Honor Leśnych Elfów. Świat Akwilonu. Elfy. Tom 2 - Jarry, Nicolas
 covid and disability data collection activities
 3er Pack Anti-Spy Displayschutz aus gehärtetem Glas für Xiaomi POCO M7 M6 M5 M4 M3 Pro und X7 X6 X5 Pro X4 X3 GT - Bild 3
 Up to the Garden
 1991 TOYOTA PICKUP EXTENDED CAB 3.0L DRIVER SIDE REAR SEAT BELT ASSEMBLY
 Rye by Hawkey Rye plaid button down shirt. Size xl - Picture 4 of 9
==
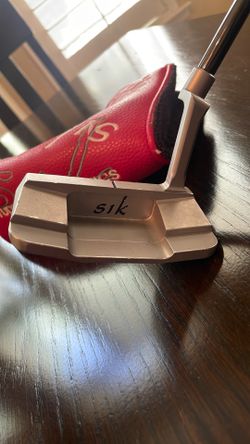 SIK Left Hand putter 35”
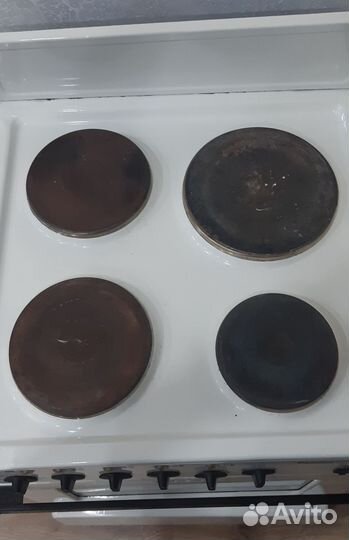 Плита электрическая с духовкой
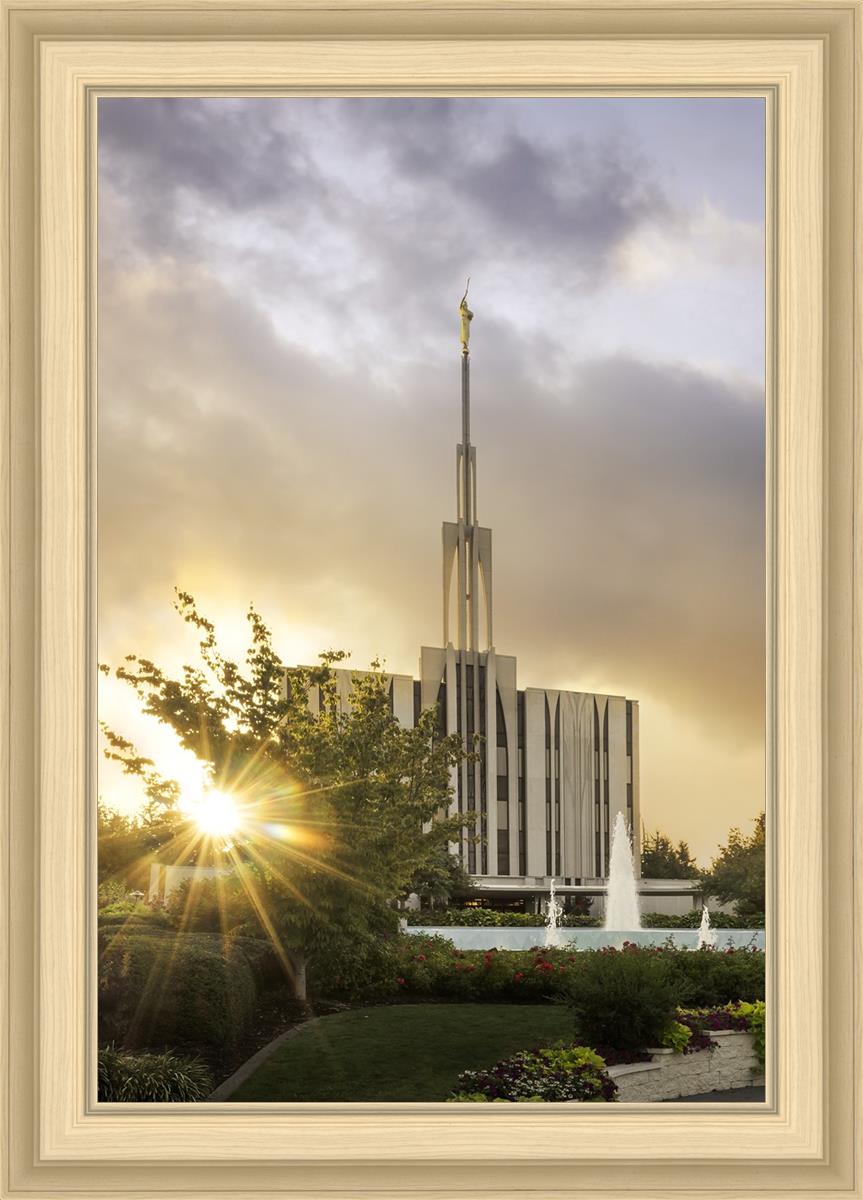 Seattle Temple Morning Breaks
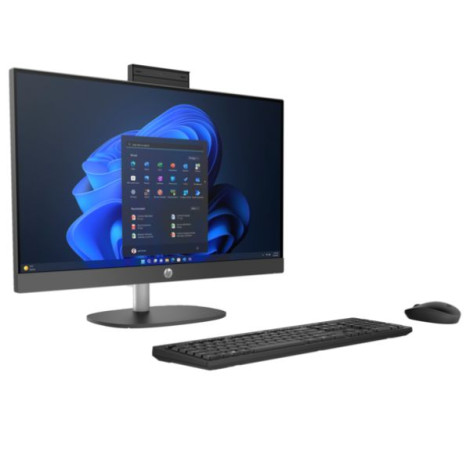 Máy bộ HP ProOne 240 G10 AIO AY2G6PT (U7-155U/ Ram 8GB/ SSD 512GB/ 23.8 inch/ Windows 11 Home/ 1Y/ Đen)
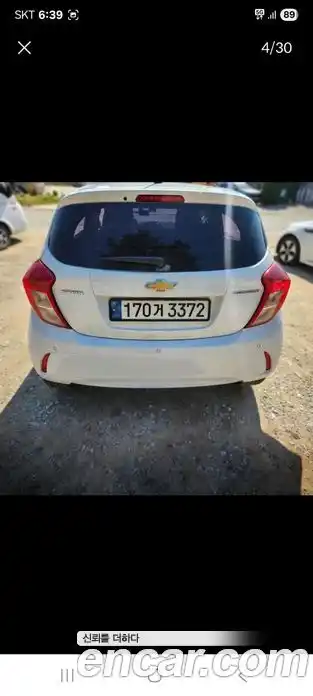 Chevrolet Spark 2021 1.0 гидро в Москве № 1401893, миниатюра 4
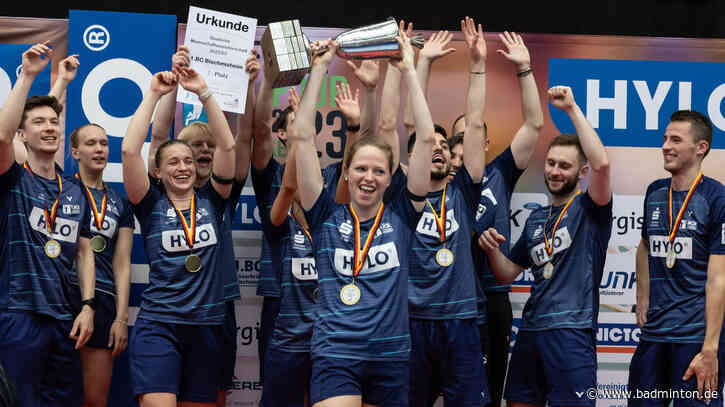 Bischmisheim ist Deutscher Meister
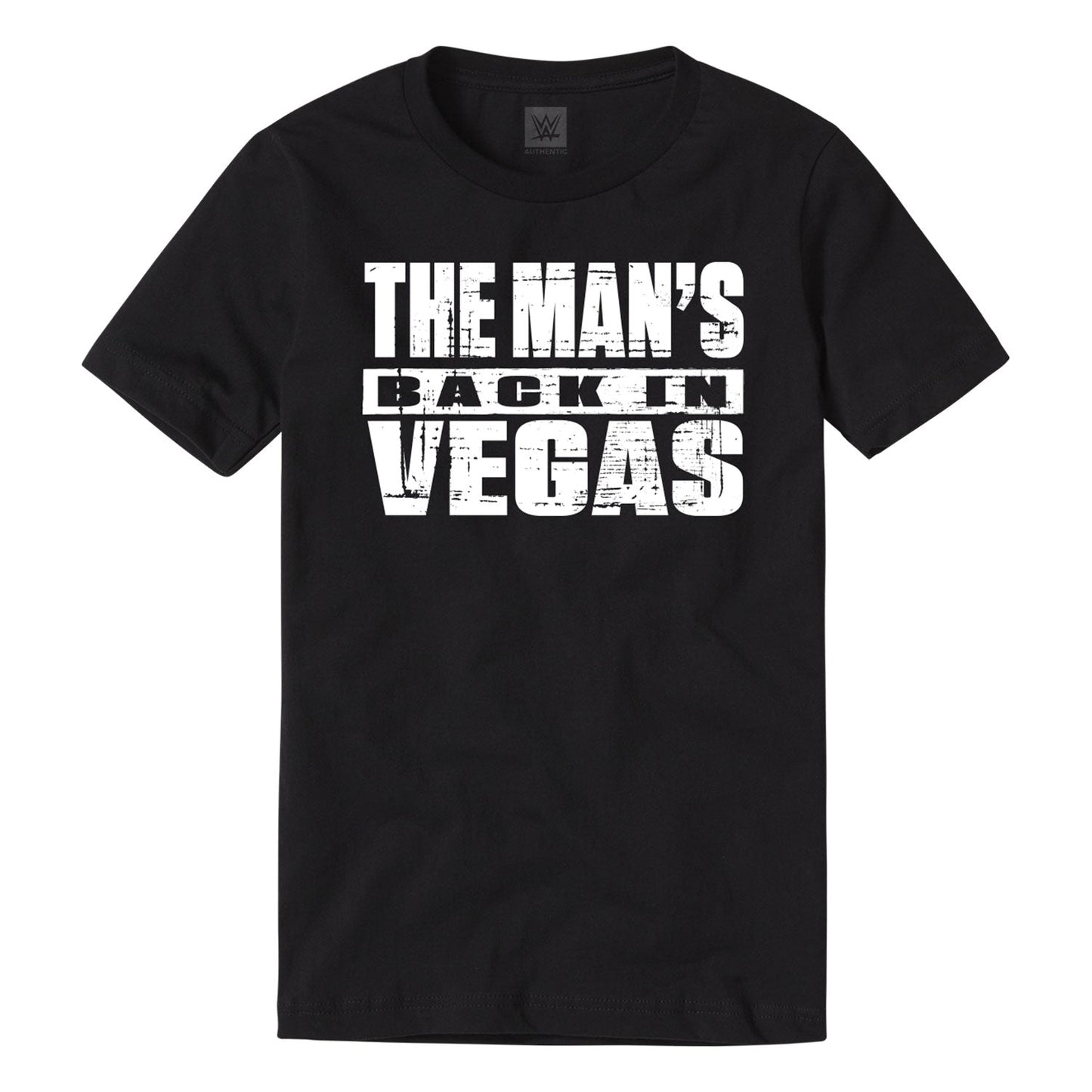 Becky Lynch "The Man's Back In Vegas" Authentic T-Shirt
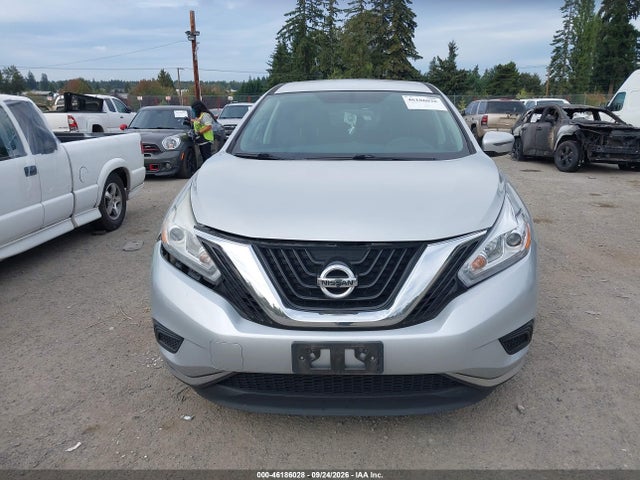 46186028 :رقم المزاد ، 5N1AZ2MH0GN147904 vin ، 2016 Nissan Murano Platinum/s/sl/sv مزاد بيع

| Activity |
Given the entries above, transcribe exactly the lines from the one holding "Máy bộ HP ProOne" through the one holding "46186028 :رقم المزاد"; pictures do not belong in the transcription.

| Final answer |
 Máy bộ HP ProOne 240 G10 AIO AY2G6PT (U7-155U/ Ram 8GB/ SSD 512GB/ 23.8 inch/ Windows 11 Home/ 1Y/ Đen)
 Chevrolet Spark 2021 1.0 гидро в Москве № 1401893, миниатюра 4
 Bischmisheim ist Deutscher Meister
 Becky Lynch "The Man's Back In Vegas" Authentic T-Shirt
 46186028 :رقم المزاد ، 5N1AZ2MH0GN147904 vin ، 2016 Nissan Murano Platinum/s/sl/sv مزاد بيع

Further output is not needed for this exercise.